### THE PROBLEM
Verbatim output of the lines below is required, with the images omitted.

### DATA EXCERPT
# # #
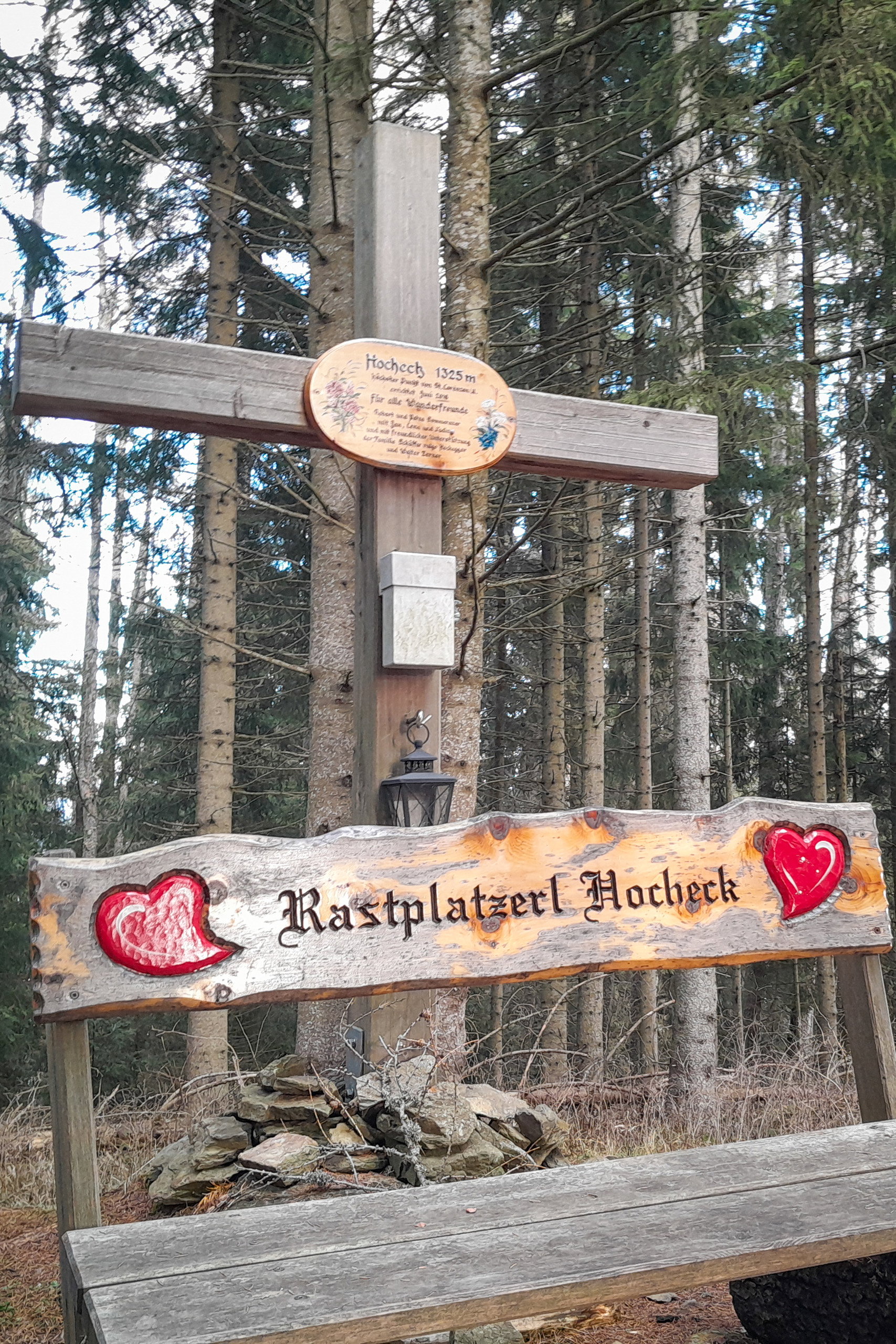Bründlweg; Gipfelkreuz Hochegg. Fotos: Martin Winter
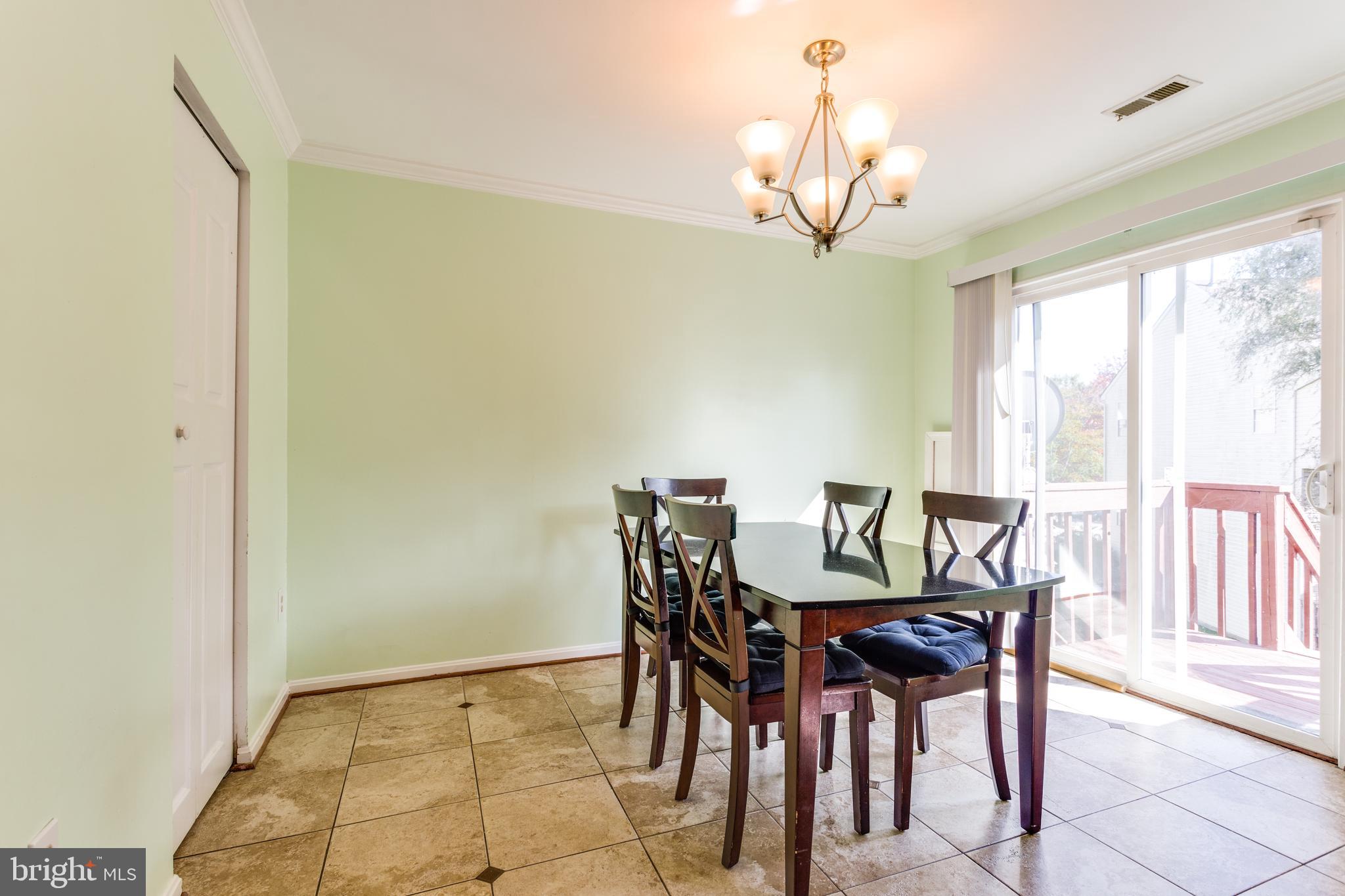 FOUNDERS WOODS CONDO - Residential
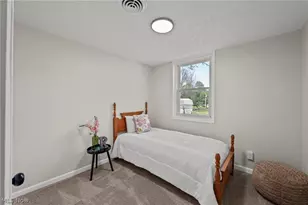 7997 Columbus Rd NE, Louisville, OH 44641 - Photo 27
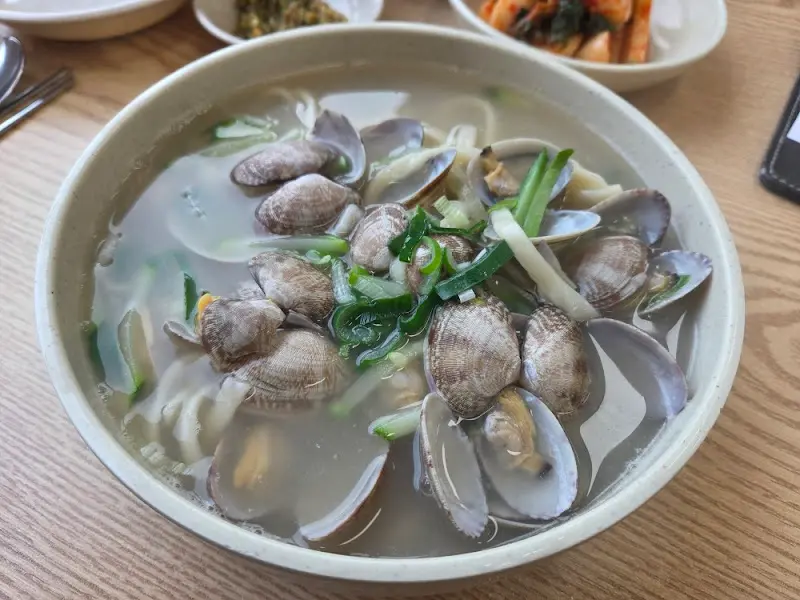 바지락이 듬뿍 들어간 칼국수의 클로즈업 샷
# # #
### ANSWER TO THE PROBLEM
Bründlweg; Gipfelkreuz Hochegg. Fotos: Martin Winter
 FOUNDERS WOODS CONDO - Residential
 7997 Columbus Rd NE, Louisville, OH 44641 - Photo 27
 바지락이 듬뿍 들어간 칼국수의 클로즈업 샷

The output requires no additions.